L’élan de rupture avec la gouvernance socialiste fortement influencée par la présence de l’ancienne puissance colonisatrice dans tous les secteurs du développement et de la coopération, va être porté et nourri par une volonté politique de diversification des partenaires de l’État sénégalais. La stratégie de développement impulsée par le Président Abdoulaye Wade réorientera ainsi le partenariat et la coopération sénégalaise vers l’Afrique et les pays asiatiques. La première alternance modifie le visage de la géopolitique dans la sous-région et dans le continent avec le Nepad.
Les Sénégalais ont sanctionné démocratiquement le régime libéral. Ils ont porté au pouvoir l’actuel Président de la République en mars 2012, Macky Sall, et sa majorité. Les électeurs, révoltés contre les dérives du régime libéral en matière de gouvernance et les énormes difficultés dans la relance du tissu économique par l’émergence endogène, ne pouvaient certainement imaginer un retour de l’influence française et de l’Occident. Les premiers signes manifestes de ce retour annoncé de l’Occident et la France sont marqués par l’empreinte du séjour du chef de l’État sénégalais en France dès les premières heures de son investiture. Il reviendra avec un appui budgétaire dans ses bras. La relation avec la France se normalise après les heurts et la révolte contenue des années de rupture de la première alternance. La France semble désormais être en meilleure posture au Sénégal. Elle est au cœur de la diplomatie et de l’économie sénégalaise.
Ce  retour de l’influence de la France suscite de nouveau de sérieuses interrogations relevant de l’exercice non effectif de la souveraineté politique et économique du Sénégal à l’égard de la France. Les adversaires du pouvoir républicain en place ne cessent de mettre l’accent sur la perte de souveraineté du Sénégal au profit de son partenaire historique français et des autres partenaires, singulièrement asiatiques. Jamais la France n’a été si puissante qu’au cours de ces années de la seconde alternance politique.
Le mouvement Frapp «France Dégage» est une des expressions politiques de ce courant panafricaniste anti-impérialiste dénonçant la présence étrangère et l’influence française dans le continent africain. Cette controverse grandissante met en relief l’incapacité de la seconde alternance à penser un modèle de rupture avec les héritages post-coloniaux.
En dépit de la volonté affichée de tourner la page de la domination politique et économique, la majorité présidentielle républicaine souffre d’une absence notoire de volonté allant dans le sens de briser la logique du développement extraverti et le complexe dominateur français.
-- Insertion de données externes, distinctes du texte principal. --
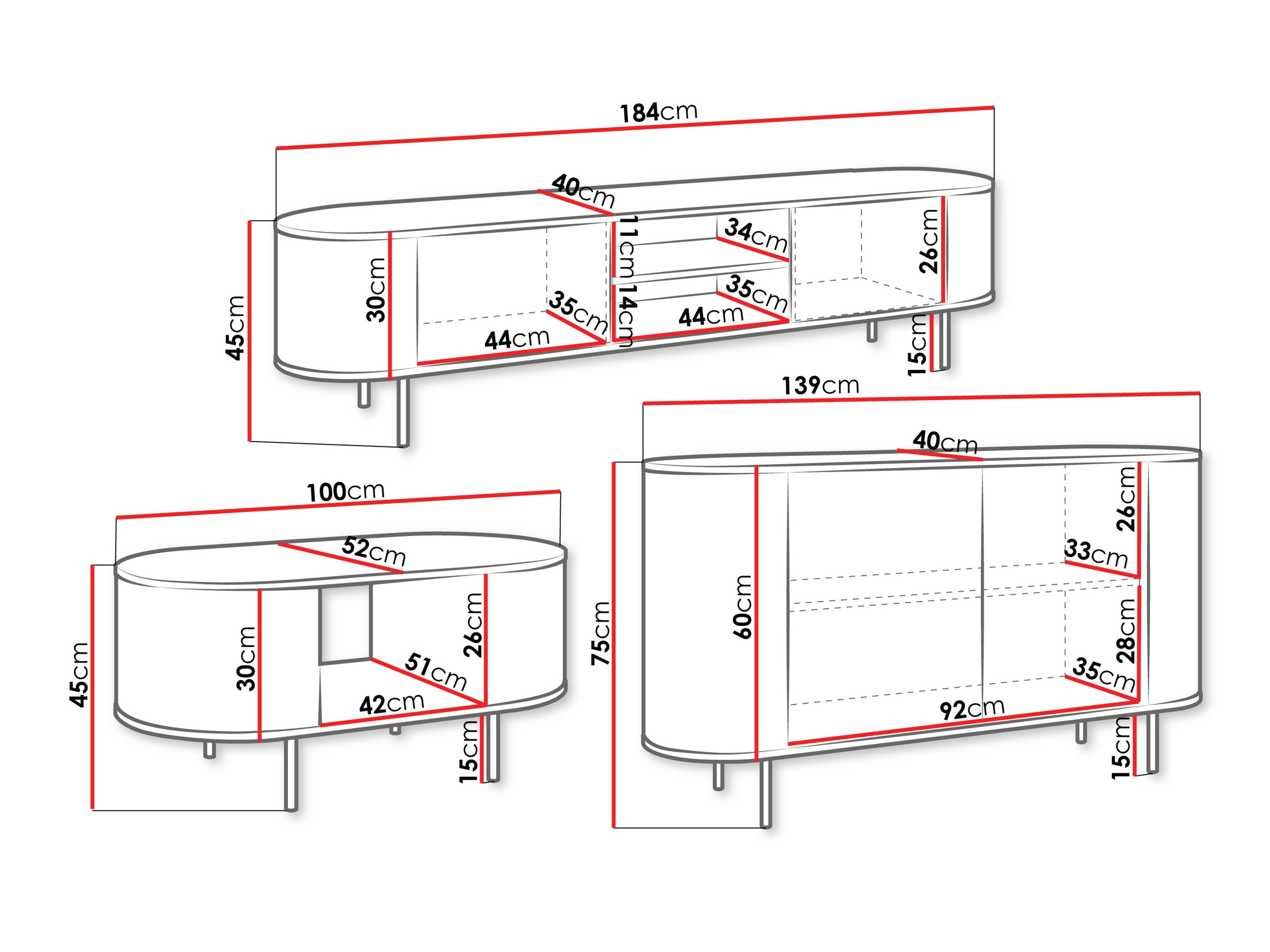 Набор для гостиной Comfivo Livtena 105 (Белый мрамор + Золотой)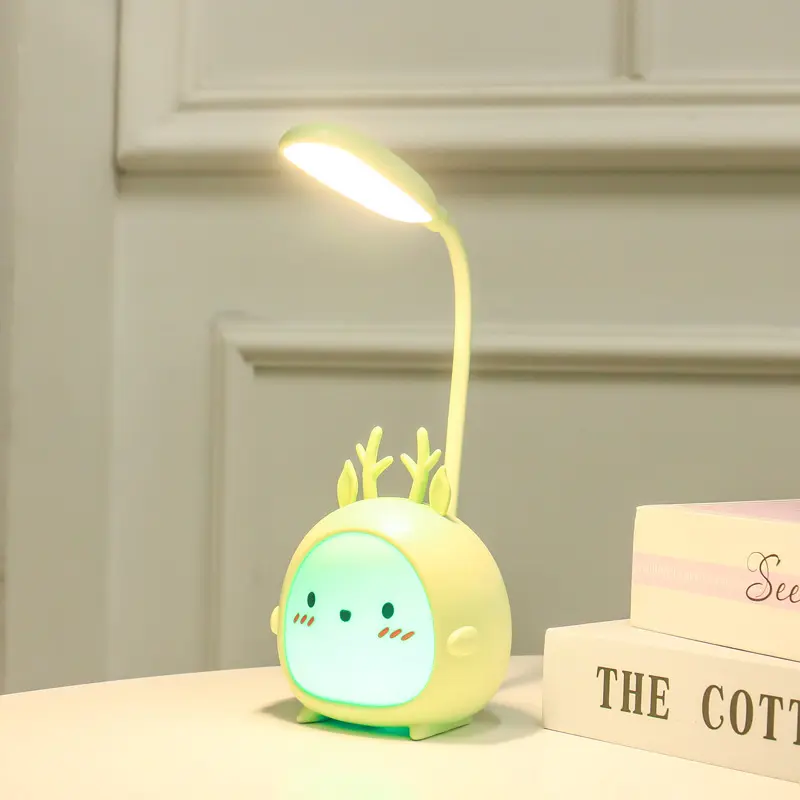 Cartoon Cute  LED Table Lamps Animal Recharge Battery Led Table Night Light Child Eye Protection Warm White Table Lamp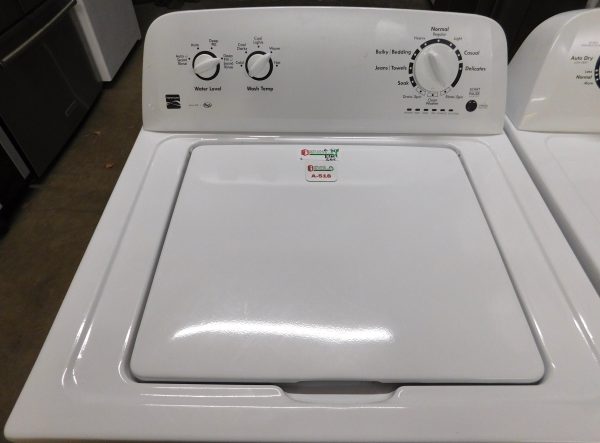 KENMORE WASHER & DRYER -SUPER CAPACITY -(NEW) WASHER AND ELECTRIC DRYER- PRODUCT ID#A-518 - Image 4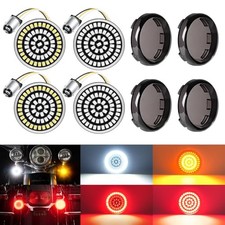 New 1157 LED Turn Signals Super Bright 60 LED Front Rear Lights Lens Kit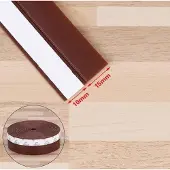 OEM Verwijderbare Anti-rookstrip Selbstklebend Winddurchlässig Braun 25mm x 1m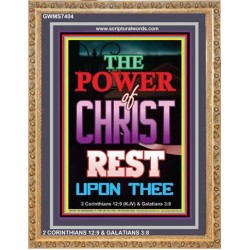 THE POWER OF CHRIST   Christian Frame Wall Art   (GWMS7404)   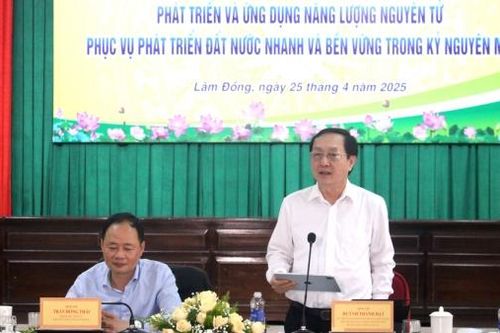 Phát triển và ứng dụng năng lượng nguyên tử phục vụ phát triển đất nước nhanh và bền vững trong kỷ nguyên mới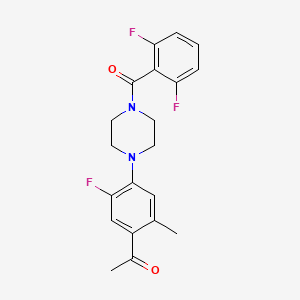 1-{4-[4-(2,6-difluorobenzoyl)-1-piperazinyl]-5-fluoro-2-methylphenyl}ethanone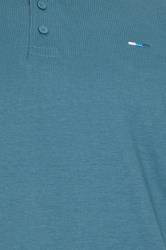 BadRhino Big & Tall Blue Contrast Tipped Detail Polo Shirt | BadRhino 5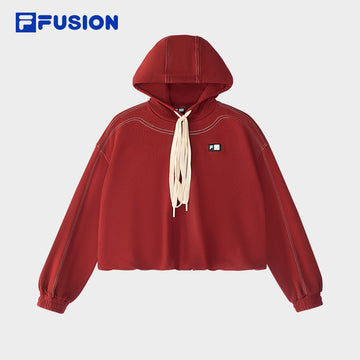 FILA FUSION CROSS OVER FILA X DOE LAND AHOY Women Hoodie (Red/ Yellow)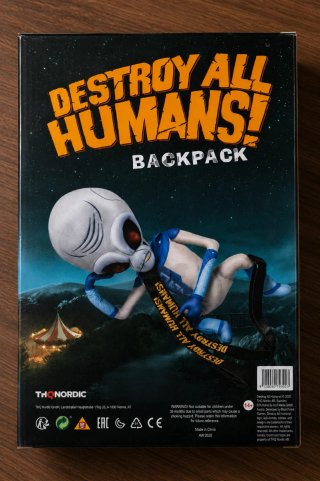 Mochila peluche Crypto Destroy All Humans! THQ PS5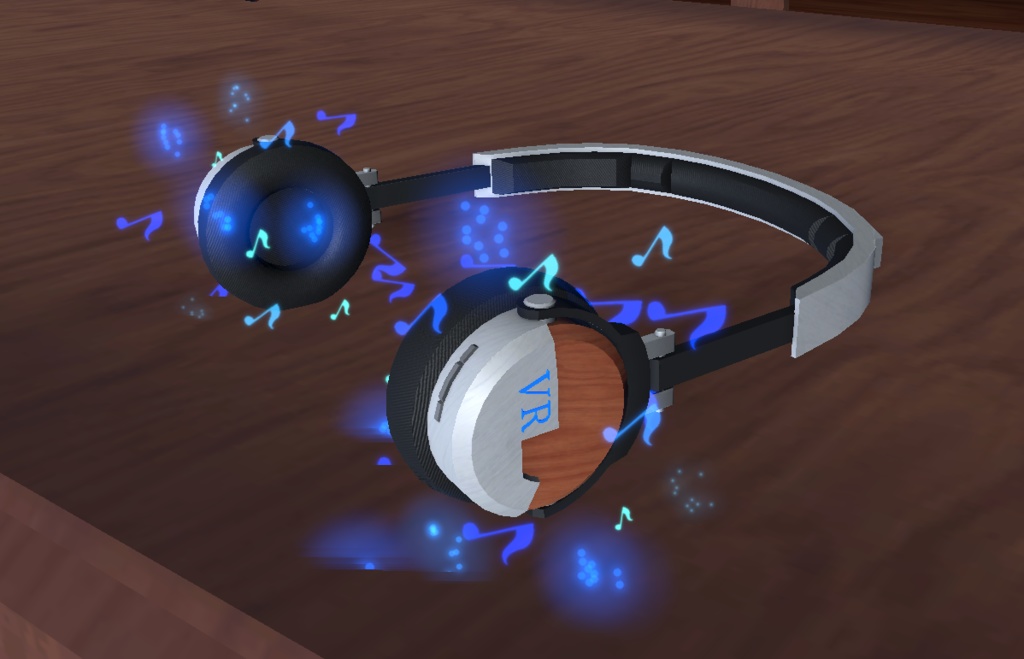 《VRChat想定》パーティクル付きヘッドホン3Dモデル「Blast1」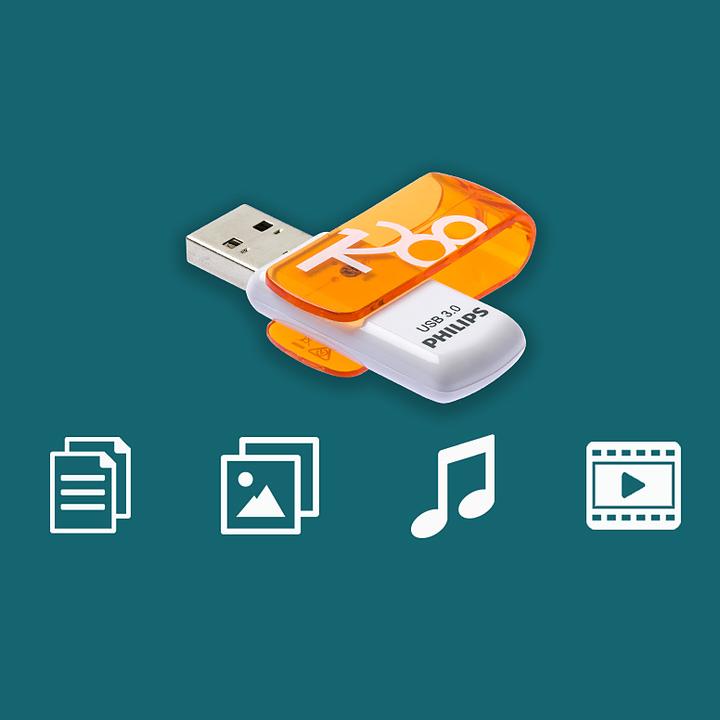 Immagine prodotto Philips Vivid (128 GB, USB-A)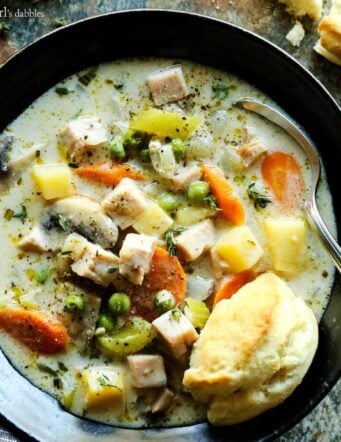 Smoked Turkey Pot Pie Soup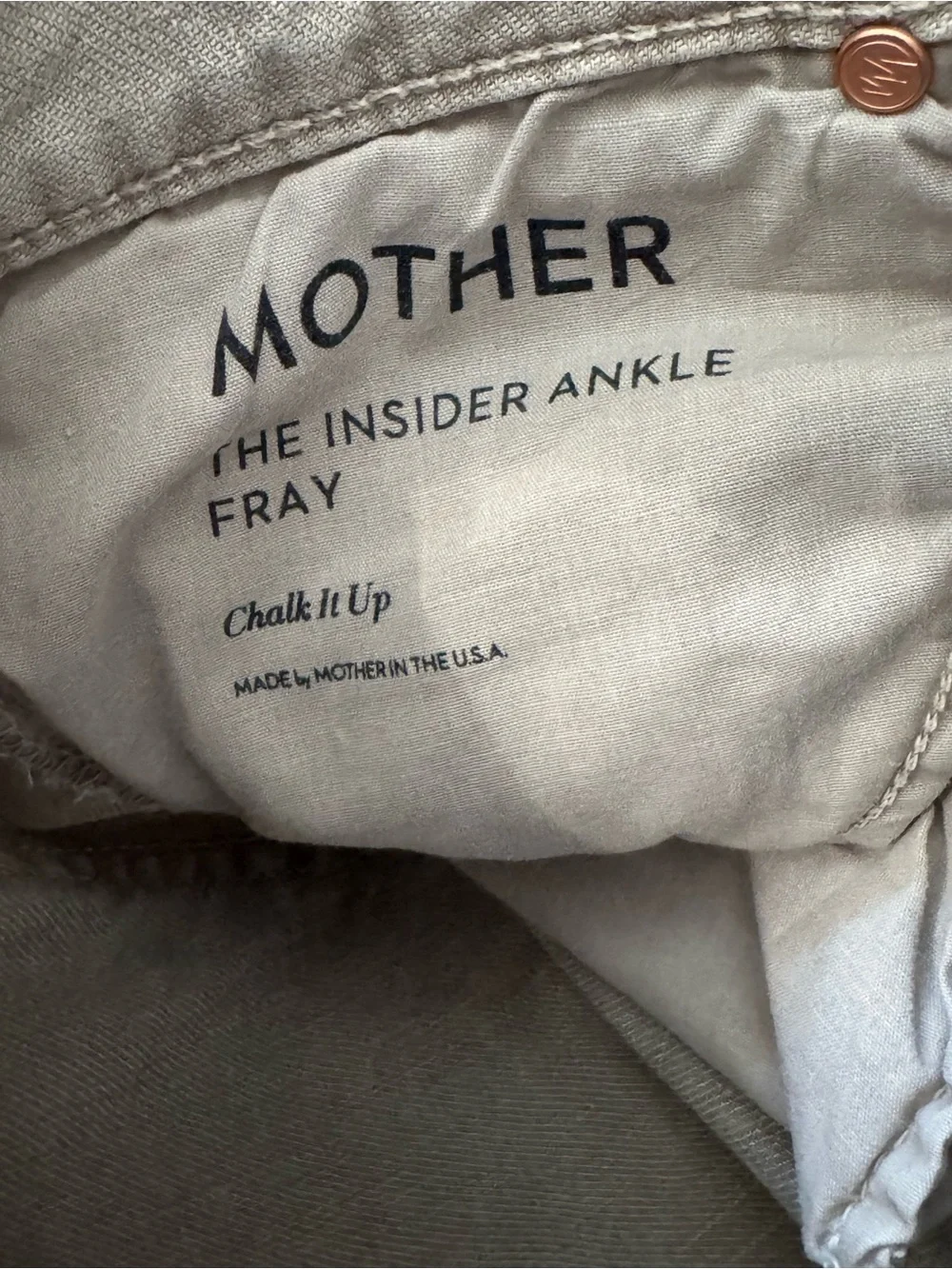 Mother The Insider Ankle Fray Chalk It Up 27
Le chef de l’État est probablement prisonnier des calculs de positionnement traditionnel dans la dynamique de la France-Afrique renaissante. Il a choisi ce partenariat. Le Sénégal est à tort ou à raison du côté des intérêts de la France et de l’Occident. Cette orientation vaut ce qu’elle vaut politiquement. Elle serait à l’origine de la révolte montante en puissance contre les intérêts français, occidentaux et internationaux au Sénégal et dans de nombreux pays africains dépendant de la puissance d’influence française et des intérêts occidentaux.
Il n’est guère étonnant après l’échec des transitions et des alternances que ce soient les couches sociales les plus déterminées dans les rangs des jeunes scolarisés ou non, qui soient celles qui portent le message de la lutte contre la France, contre l’Occident et contre les États africains partenaires inconditionnels de l’Occident.